I would tell the Lord when I opened the Bible, “My soul clings to the dust; give me life according to your word!” (Psalm 119:25). Because of that, I read with purpose. I didn’t read just to get through it. I read to learn (Psalm 25:5). To meet with God (Psalm 42:2). To find rest (Matthew 11:28). To experience joy (Psalm 16:11). To gain wisdom (2 Chronicles 1:7–10). To find comfort (Psalm 119:76). To see myself clearly and repent (Acts 3:19–20). To have peace (John 14:27). To understand spiritual truth (Proverbs 2:3–6). To get direction (Psalm 119:105). To find strength (Isaiah 41:10). To revive my soul (Psalm 119:107).
Treasures of Darkness
I had journaled what I learned from reading the Bible for years. A friend suggested that I first write out the Bible passage in red pen, and then use a black pen to write out my thoughts and prayers.
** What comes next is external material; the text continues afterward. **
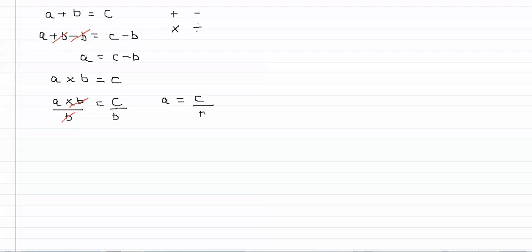We can do the same thing even if we have more than one operation going on on one side of the equation. So if you imagine we've got an expression like ab plus c equals d. All we do is work through one step at a time. So let's say that we're trying to isolate a again.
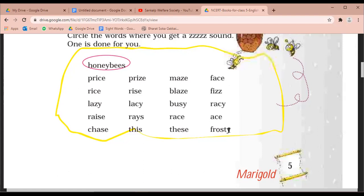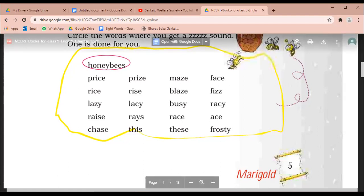इन में अब बच्चो जिन शब्दों में Z की साउंड आ रही है उस पे आप सर्कल करोगे. (Now children, you will circle the words in which the Z sound is coming.) Okay? Have a good day. Bye.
So, every day I sat with a poised red pen, waiting for God to illuminate a verse or passage. Sometimes the words jumped off the page, almost as if they were highlighted in neon. Other times, I wasn’t immediately sure what to take away. So, I would pray and ask God to open my mind to understand the Scripture (Luke 24:45). Then I would go back over the same passages, searching for wisdom and understanding.
It was then that I realized God really did have manna for me every day. The more I had to search, the sweeter the manna tasted, the deeper the words penetrated, and the more precious the truths became. I understood Jeremiah’s familiar words in a way that I never had before: “Your words were found, and I ate them, and your words became to me a joy and the delight of my heart” (Jeremiah 15:16).
I couldn’t imagine not spending time with God. It was my food. The famine Amos speaks of was unthinkable — a famine not of bread, “but of hearing the words of the Lord” (Amos 8:11). Feeding me his word was one of his many treasures for me in my darkness (Isaiah 45:3); my suffering made God’s word sweeter and more life-giving (Psalm 119:71). I didn’t need to fear famine.
Ask, Seek, Knock
I now use the Discipleship Journal Bible plan, reading in four places daily. When I’m not struggling, God doesn’t dangle the fruit as low. Or perhaps I just don’t search as diligently. Regardless, finding a passage to feed me every day is more challenging when I’m not starving.
Yet I still try not to leave my quiet time without finding at least one portion of Scripture to meditate on. It is in the looking and expecting that I find God. Jesus’s words have proven true: “Ask, and it will be given to you; seek, and you will find; knock, and it will be opened to you. For everyone who asks receives, and the one who seeks finds, and to the one who knocks it will be opened” (Matthew 7:7–8).
Those years of desperation, and that practice of expecting God to illuminate his word daily, transformed me. I have not approached Scripture the same way since. My tears at being Leah were at first tears of sadness, of feeling rejected and forsaken and unloved. But now in reading about Leah, I have tears of gratitude, remembering how God used my deepest pain to give me more of himself. To show me I am accepted and wanted and loved. To show me he will never leave me. And best of all, he shows me those things again every single day.